Required work |
Leaving out all pictures, transcribe exactly the lines between the line with "Wiadomości Kasy Chorych" and the last line of the records below, both included.

Material shown Block Start

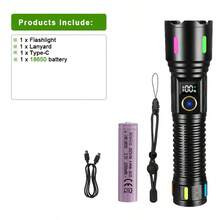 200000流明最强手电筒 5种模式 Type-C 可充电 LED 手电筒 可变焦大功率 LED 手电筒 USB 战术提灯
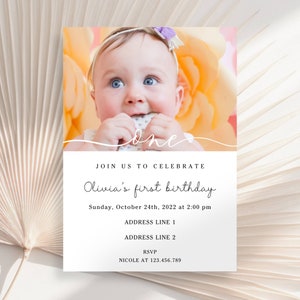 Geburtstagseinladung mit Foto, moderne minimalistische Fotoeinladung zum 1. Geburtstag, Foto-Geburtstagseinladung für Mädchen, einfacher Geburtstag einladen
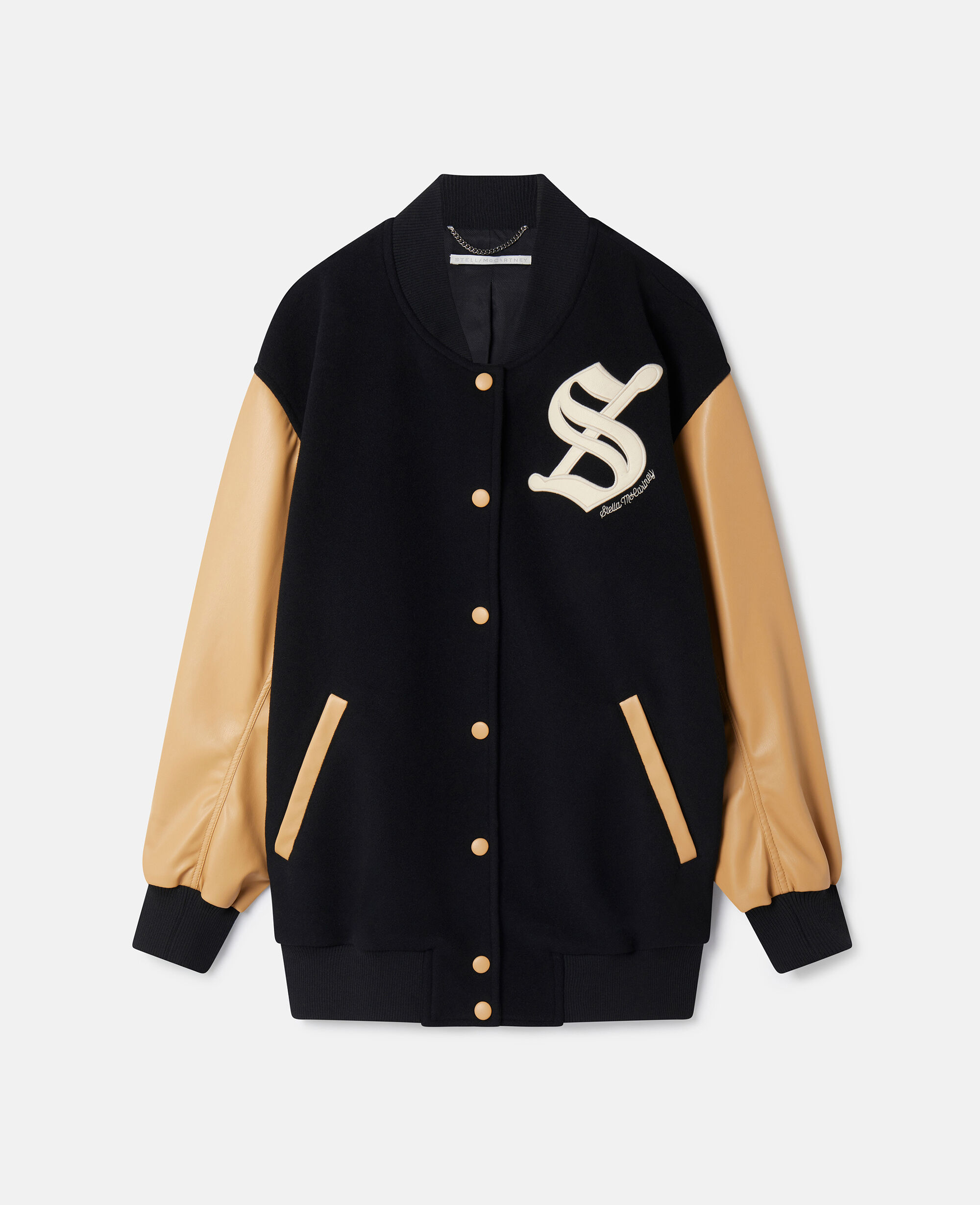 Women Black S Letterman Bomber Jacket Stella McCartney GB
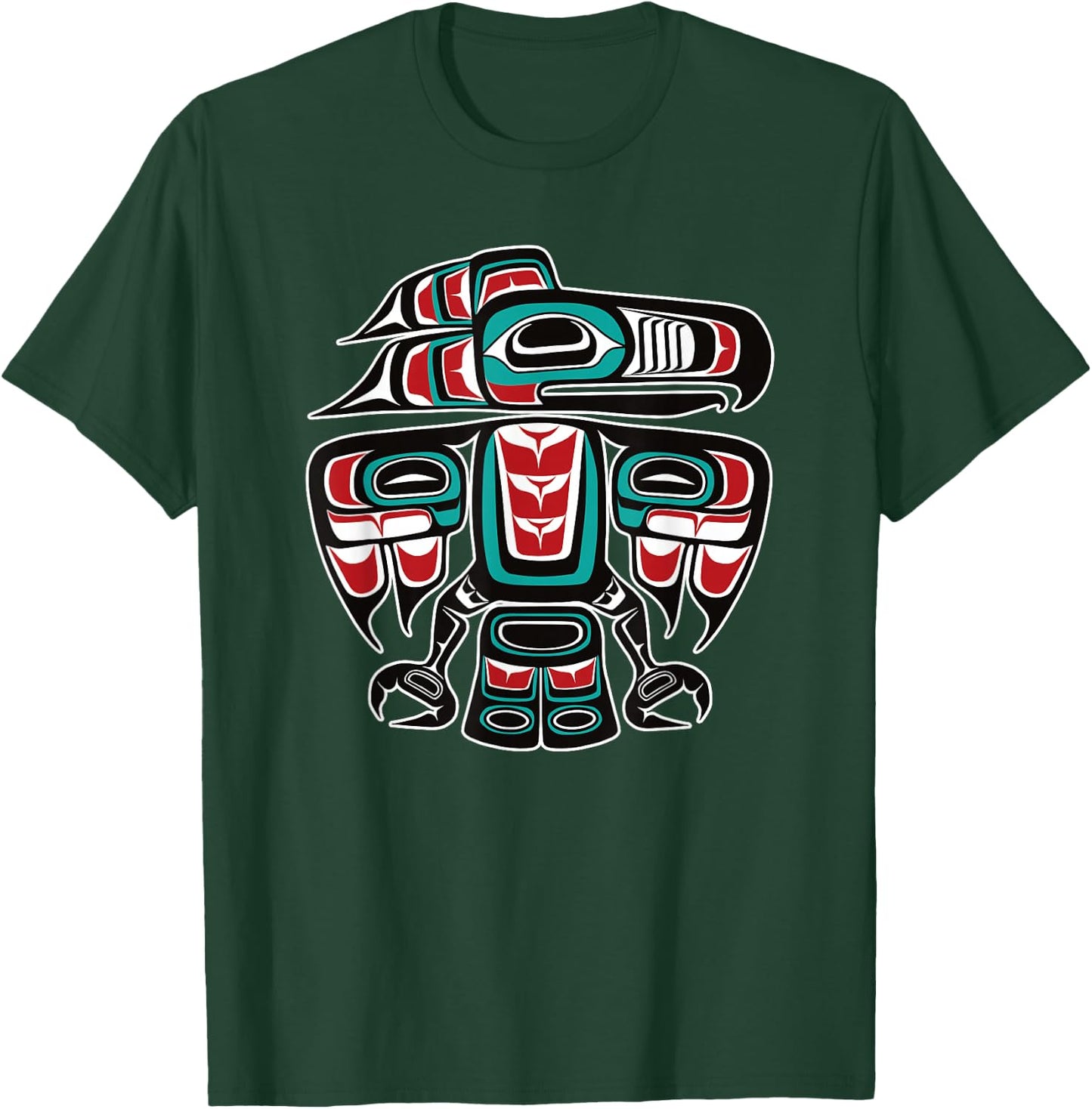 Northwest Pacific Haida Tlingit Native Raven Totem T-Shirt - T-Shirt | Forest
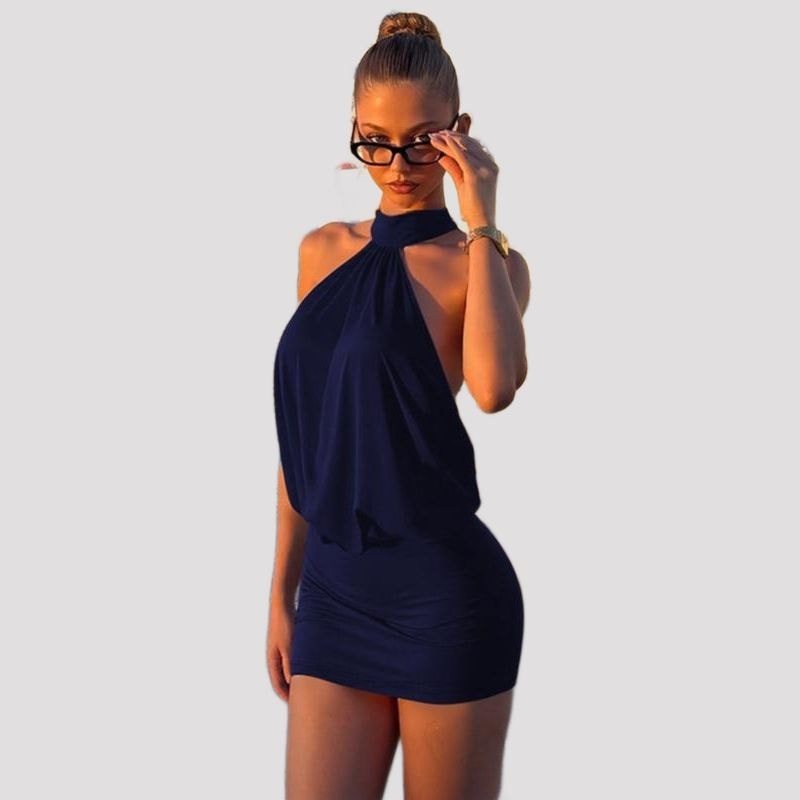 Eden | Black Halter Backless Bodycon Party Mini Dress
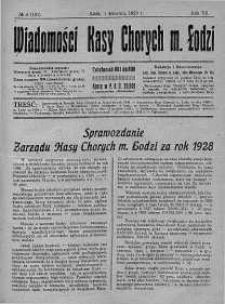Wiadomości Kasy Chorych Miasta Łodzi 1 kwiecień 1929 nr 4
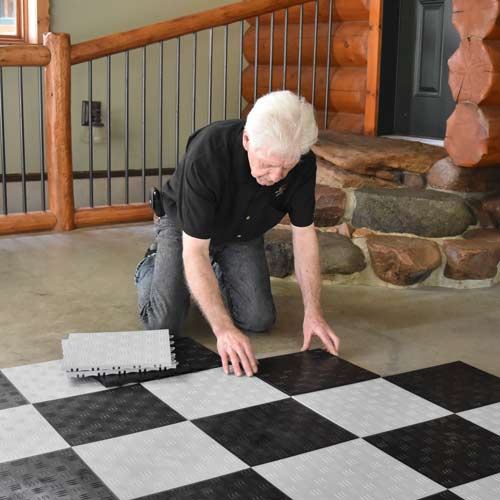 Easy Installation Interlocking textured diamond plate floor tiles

Material shown Block End

The answer |
Wiadomości Kasy Chorych Miasta Łodzi 1 kwiecień 1929 nr 4
 Easy Installation Interlocking textured diamond plate floor tiles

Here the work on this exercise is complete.